===== EXTRACTED DATA

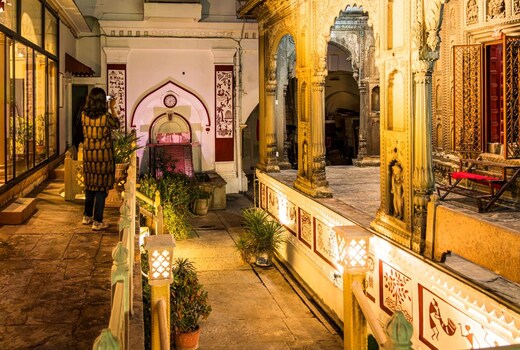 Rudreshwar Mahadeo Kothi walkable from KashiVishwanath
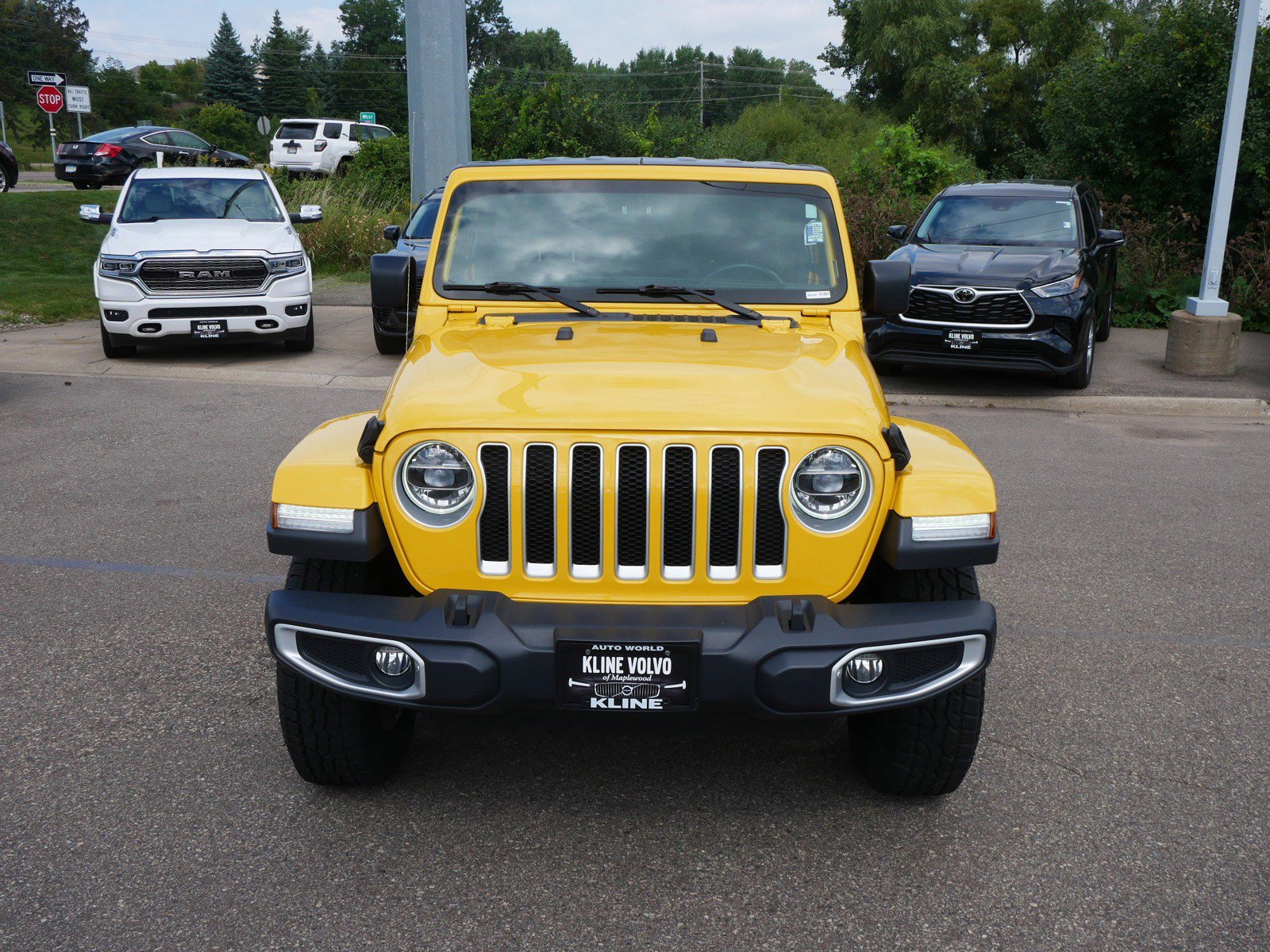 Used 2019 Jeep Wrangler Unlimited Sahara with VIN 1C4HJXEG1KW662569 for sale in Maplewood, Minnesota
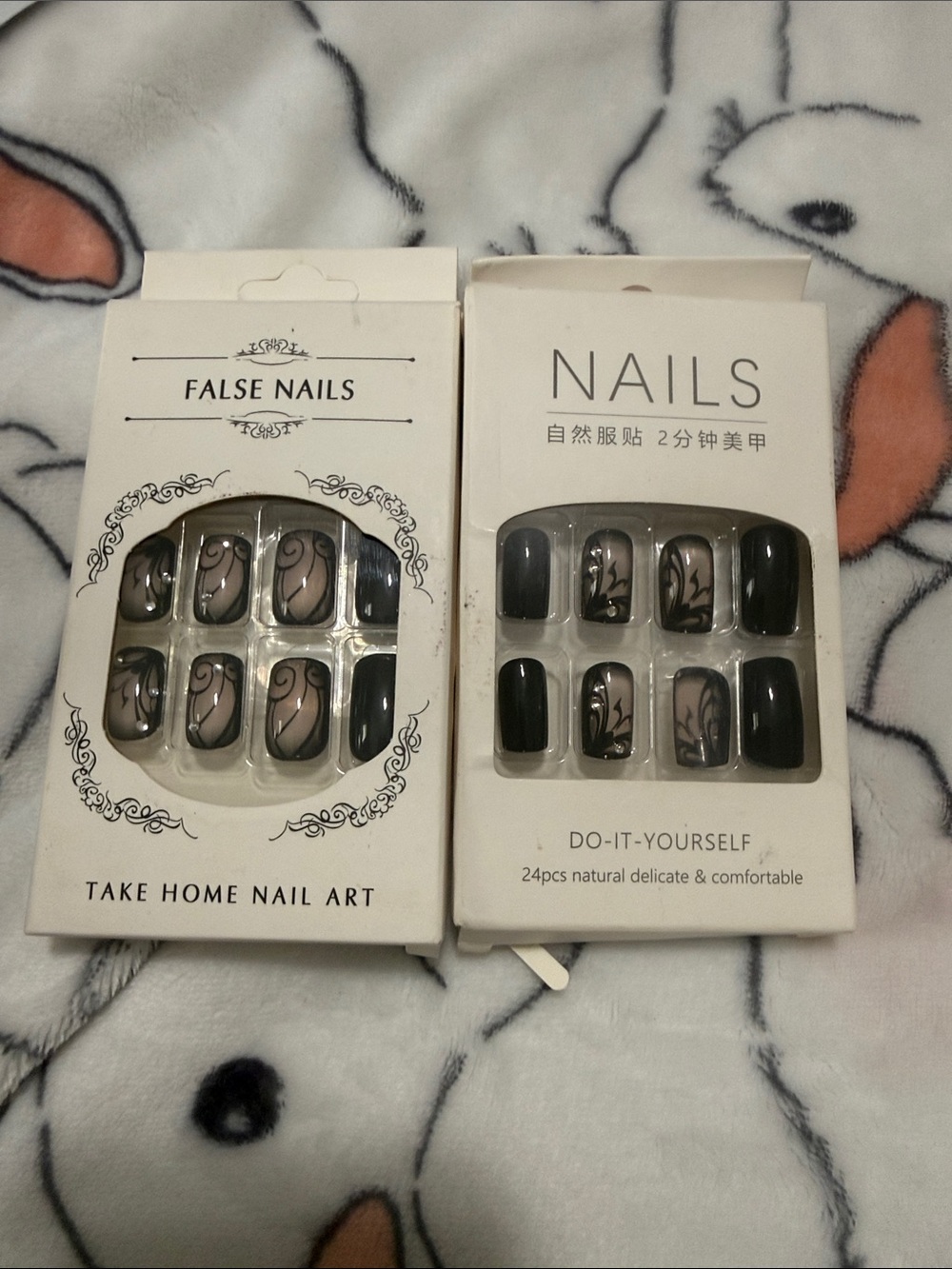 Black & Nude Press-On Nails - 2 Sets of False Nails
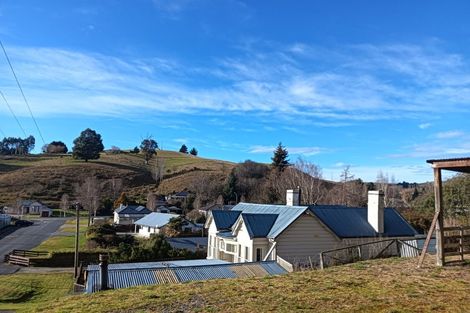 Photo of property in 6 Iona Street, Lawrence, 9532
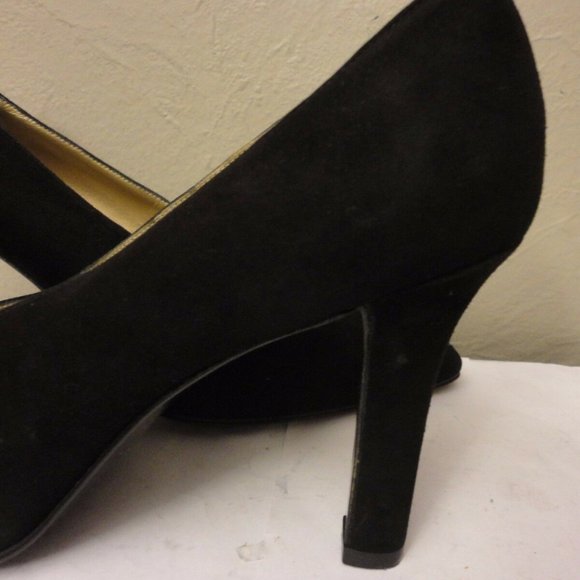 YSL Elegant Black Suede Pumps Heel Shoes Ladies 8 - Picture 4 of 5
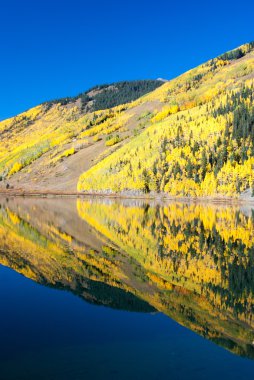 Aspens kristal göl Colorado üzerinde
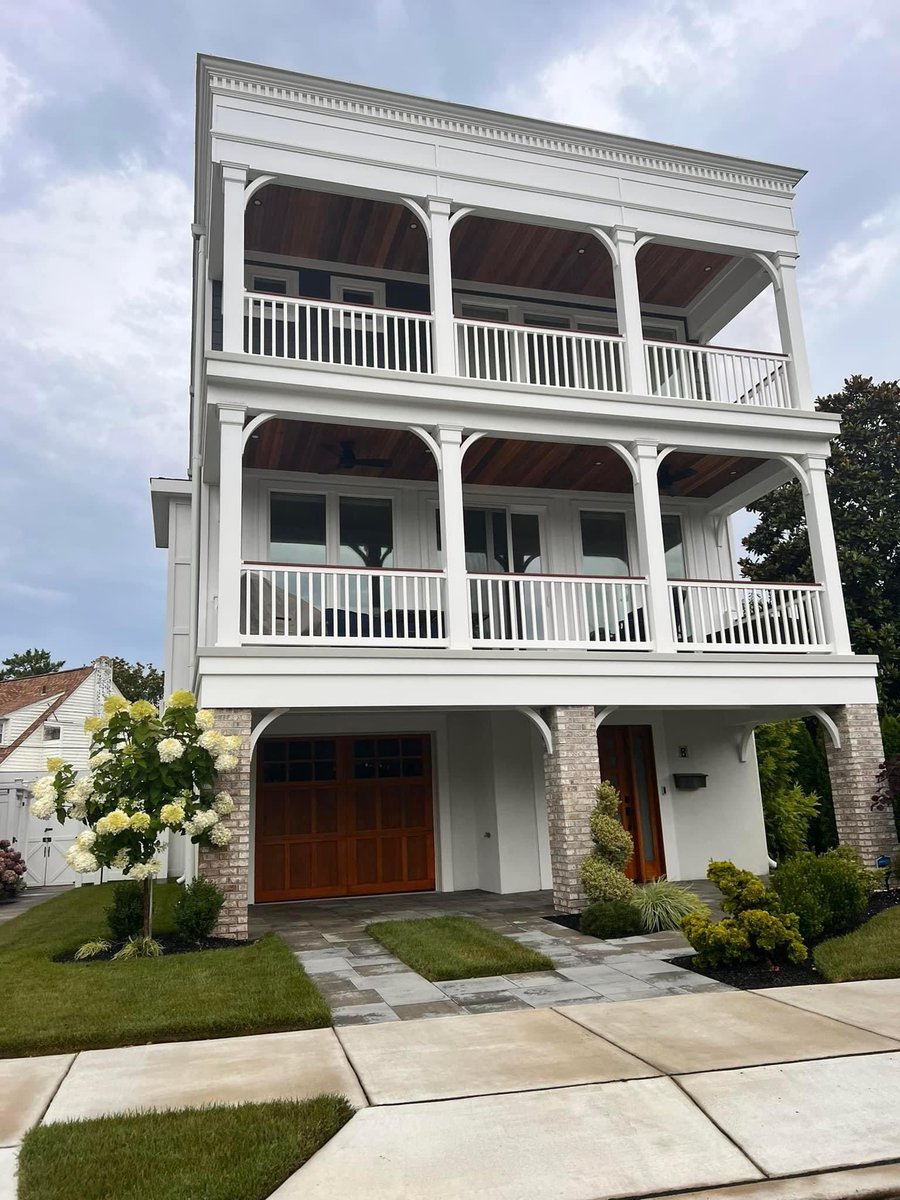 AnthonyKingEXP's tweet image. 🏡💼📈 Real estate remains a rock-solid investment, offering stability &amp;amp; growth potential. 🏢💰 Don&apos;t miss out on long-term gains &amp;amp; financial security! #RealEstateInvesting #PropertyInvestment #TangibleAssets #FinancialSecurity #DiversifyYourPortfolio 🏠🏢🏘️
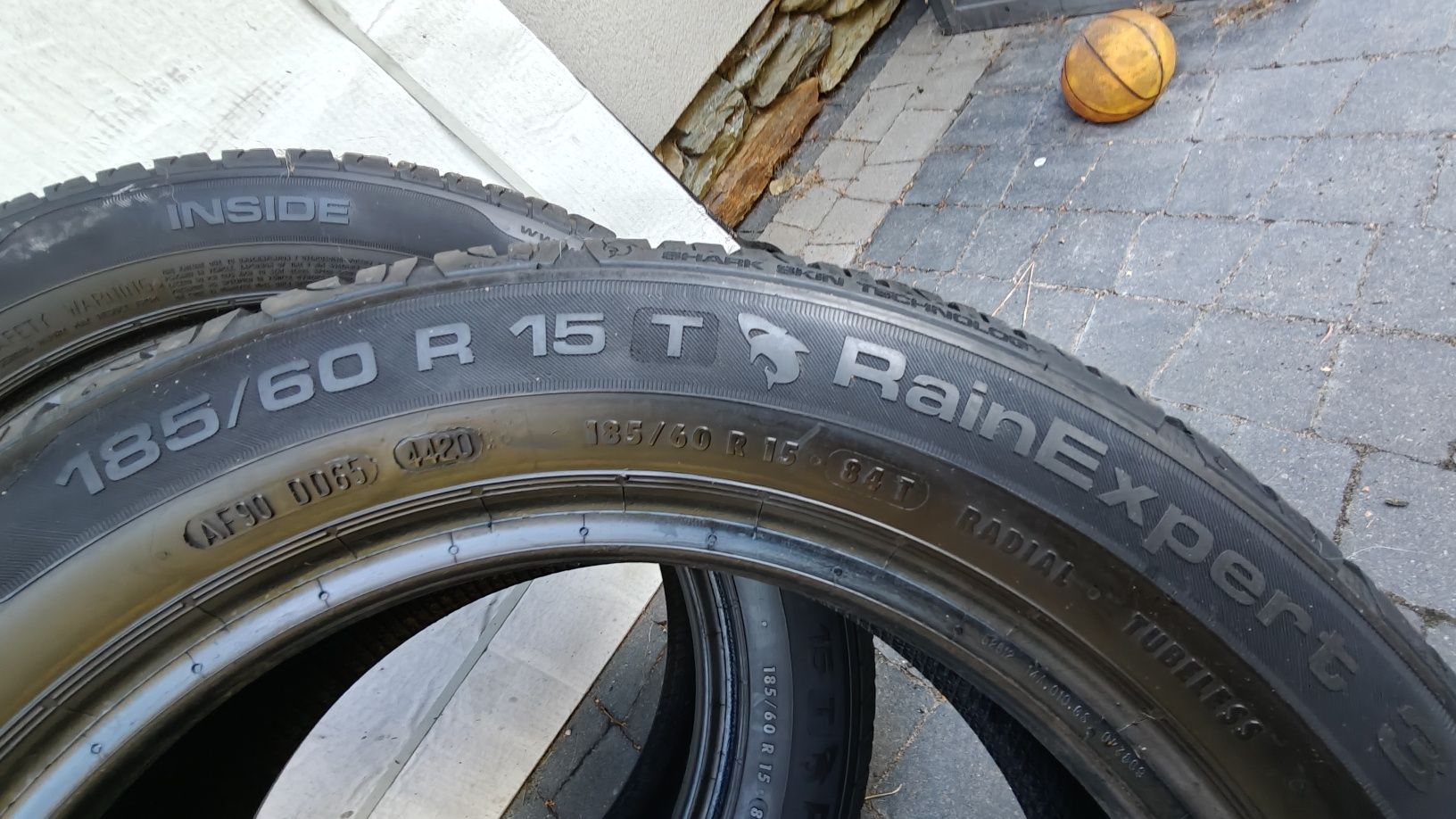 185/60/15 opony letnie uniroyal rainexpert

==========

Write out each line exactly, from the one containing "Aspens kristal göl Colorado üzerinde" through the end of the entries, and skip the pictures.

 Aspens kristal göl Colorado üzerinde
 AnthonyKingEXP's tweet image. 🏡💼📈 Real estate remains a rock-solid investment, offering stability &amp;amp; growth potential. 🏢💰 Don&apos;t miss out on long-term gains &amp;amp; financial security! #RealEstateInvesting #PropertyInvestment #TangibleAssets #FinancialSecurity #DiversifyYourPortfolio 🏠🏢🏘️
 185/60/15 opony letnie uniroyal rainexpert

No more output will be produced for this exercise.